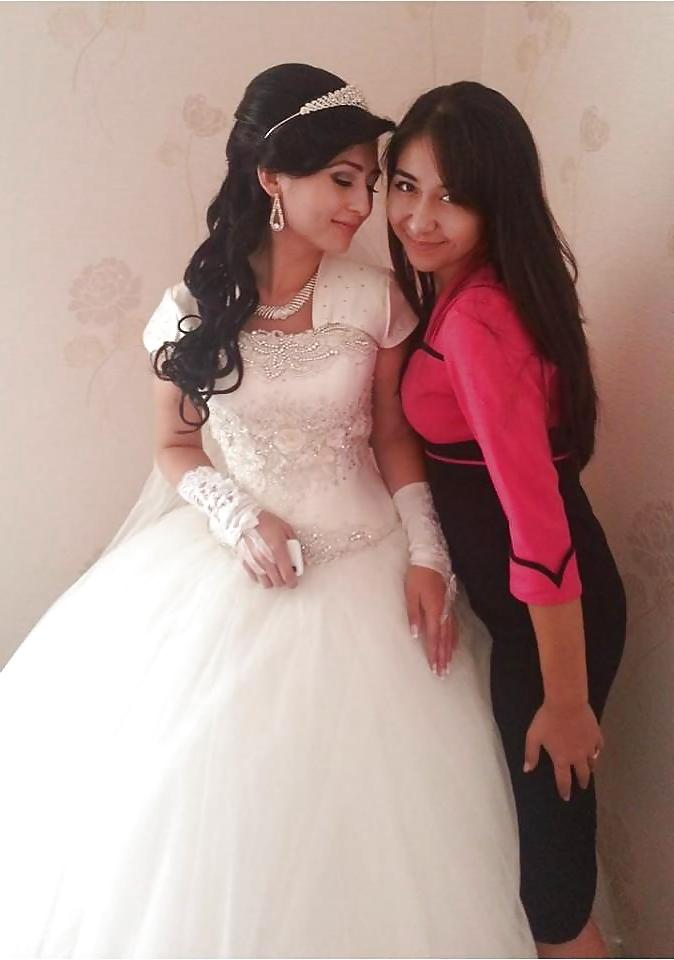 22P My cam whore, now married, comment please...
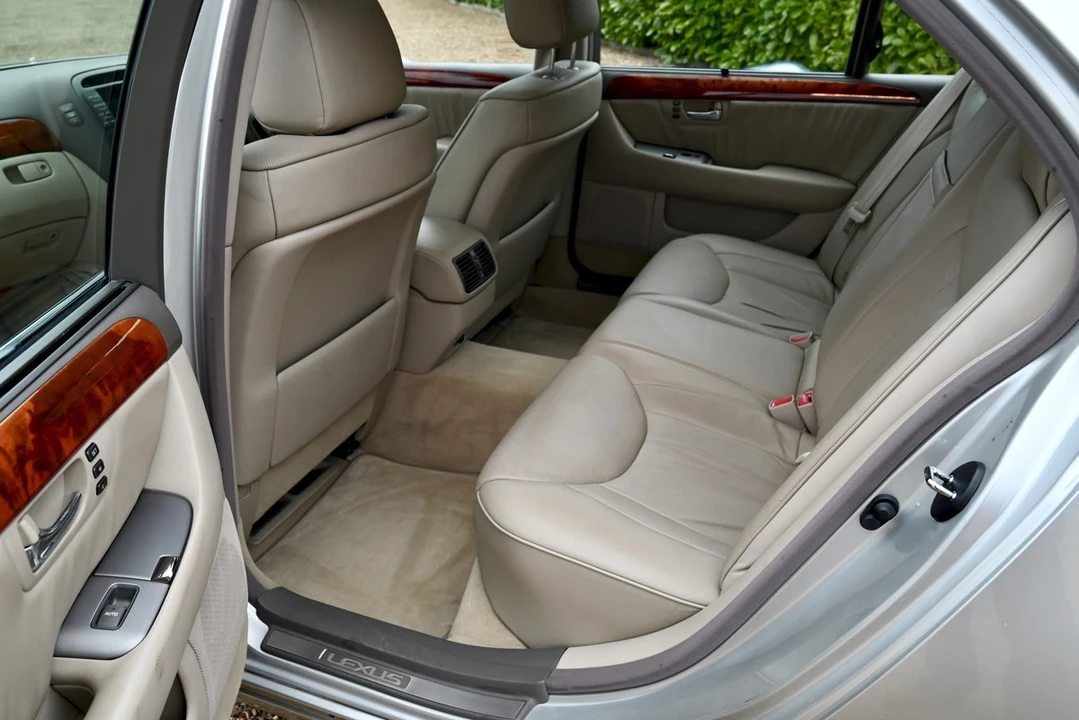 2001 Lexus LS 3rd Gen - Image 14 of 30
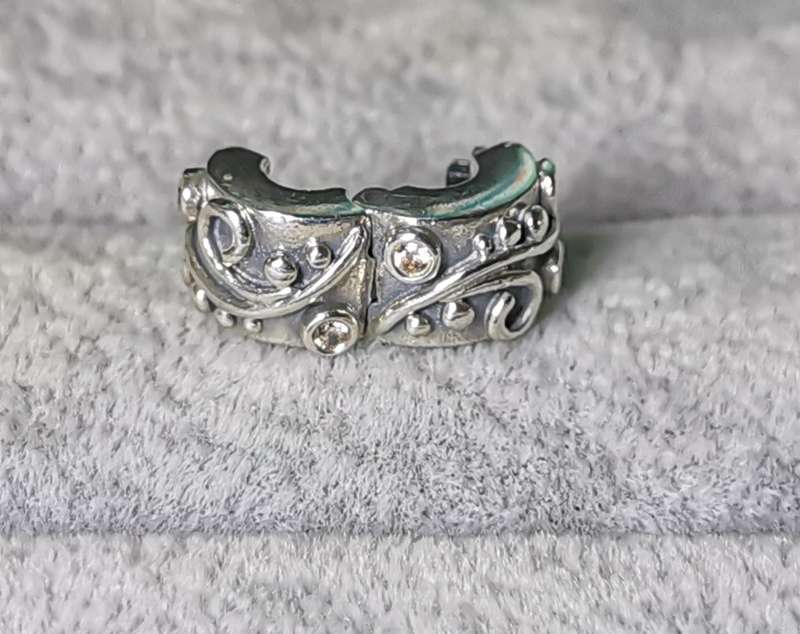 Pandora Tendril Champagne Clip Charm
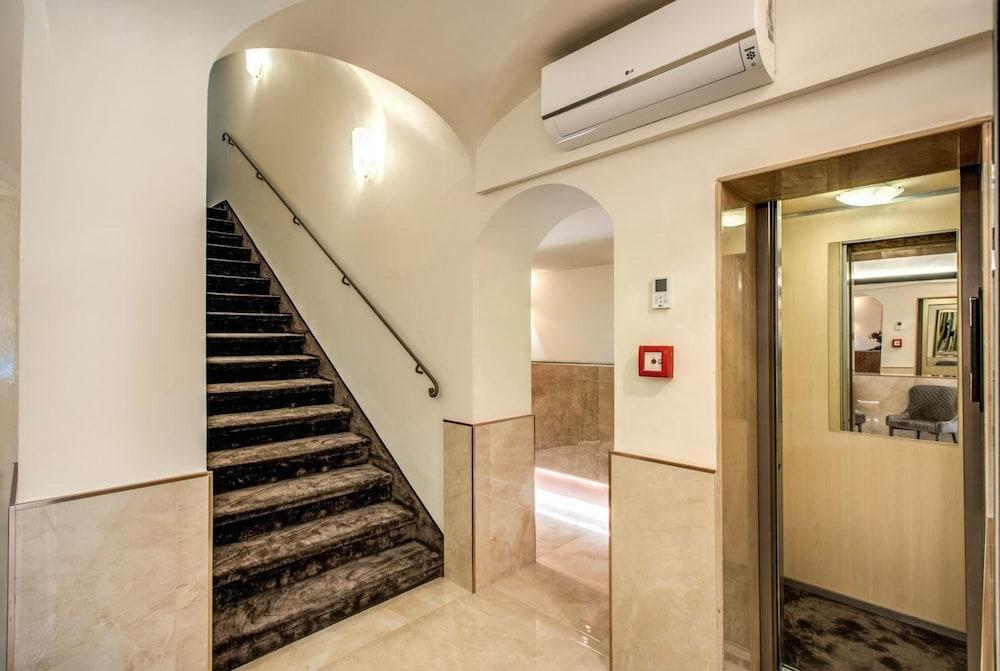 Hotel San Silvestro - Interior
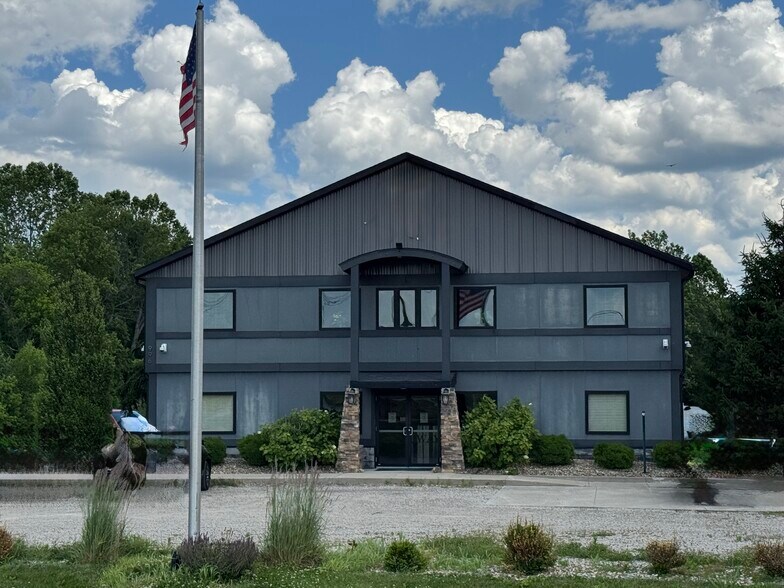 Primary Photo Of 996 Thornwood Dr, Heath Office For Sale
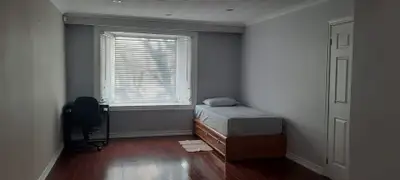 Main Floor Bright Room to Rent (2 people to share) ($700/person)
=======
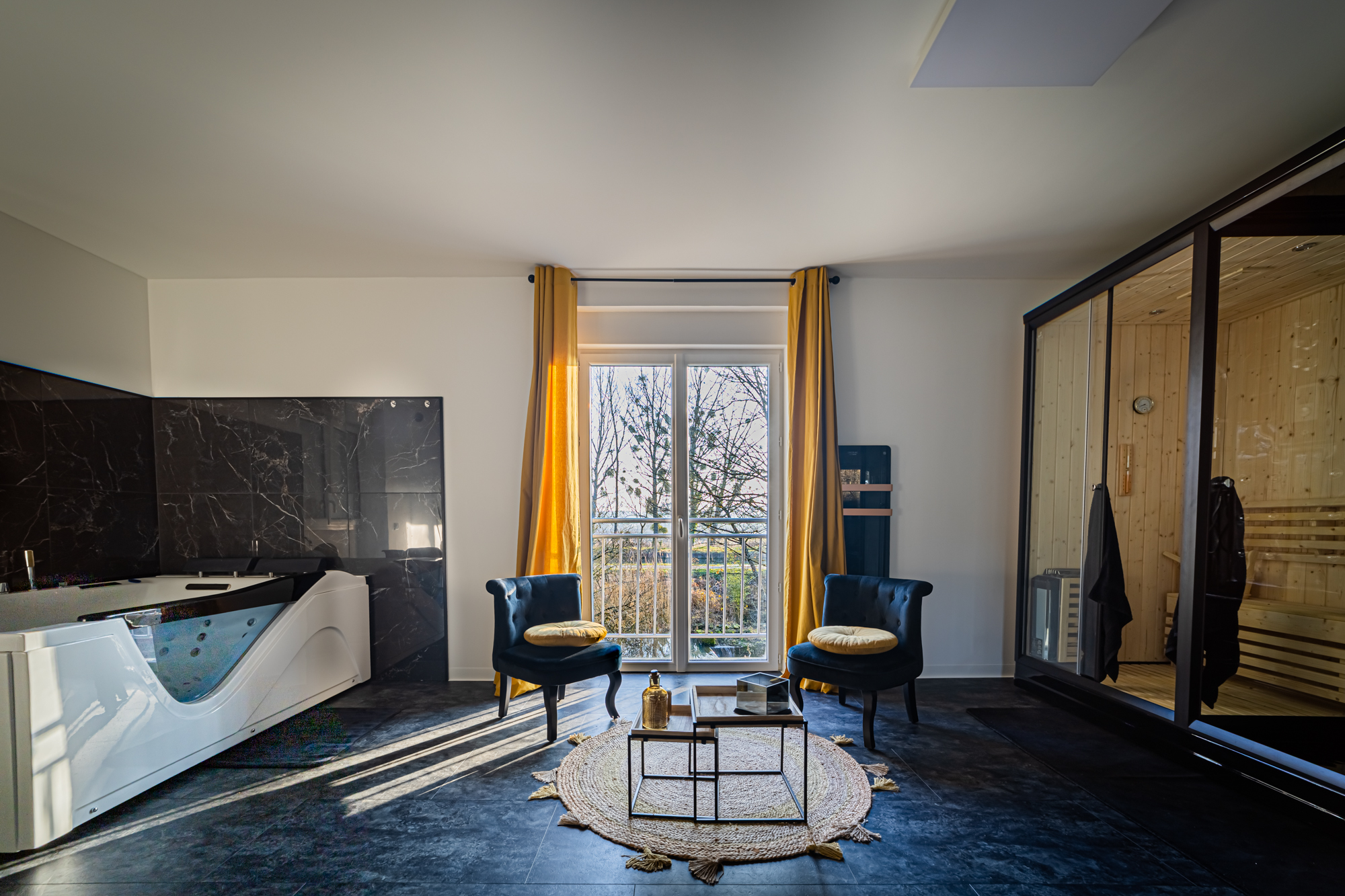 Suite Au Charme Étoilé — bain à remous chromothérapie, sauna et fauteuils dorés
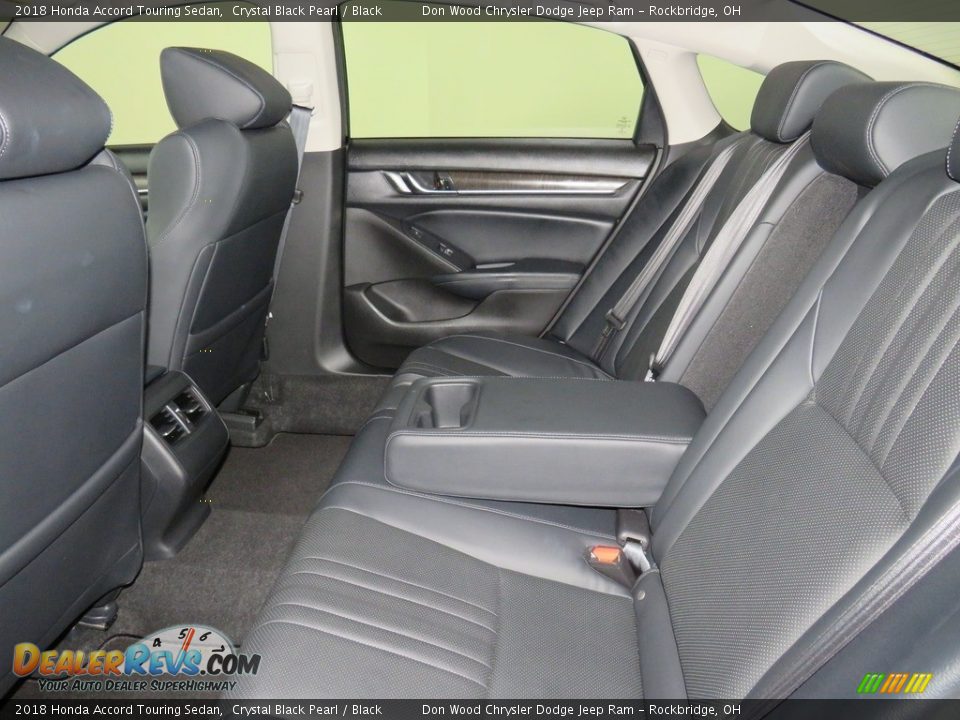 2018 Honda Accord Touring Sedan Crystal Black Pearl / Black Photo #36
=======
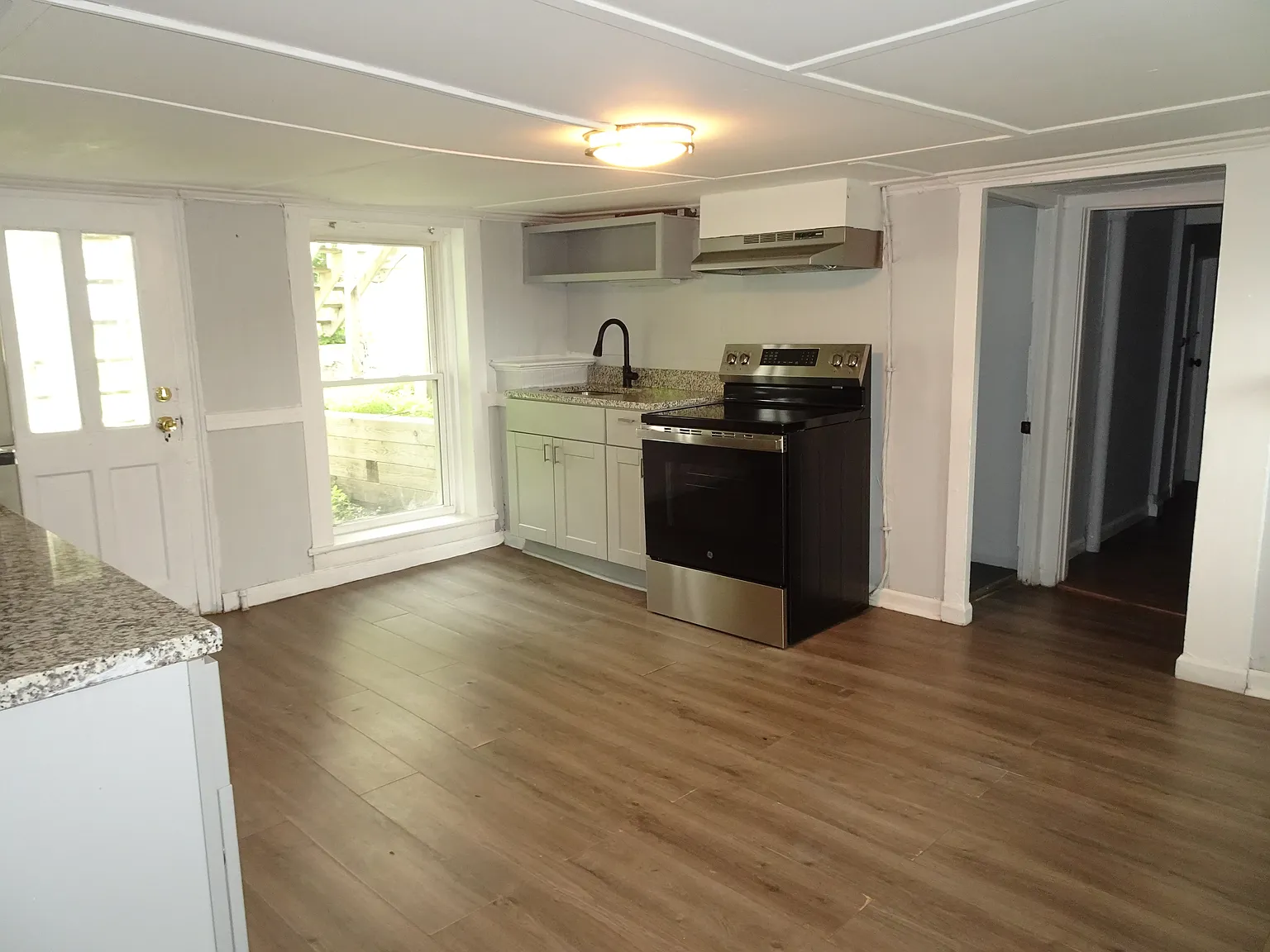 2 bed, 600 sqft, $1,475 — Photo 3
=======
_Exercise brief_
Restate word for word every line from the one with "2001 Lexus LS 3rd Gen - Image 14 of 30" up to and including the one with "Main Floor Bright" in the records above, minus the pictures.

_Finished exercise_
 2001 Lexus LS 3rd Gen - Image 14 of 30
 Pandora Tendril Champagne Clip Charm
 Hotel San Silvestro - Interior
 Primary Photo Of 996 Thornwood Dr, Heath Office For Sale
 Main Floor Bright Room to Rent (2 people to share) ($700/person)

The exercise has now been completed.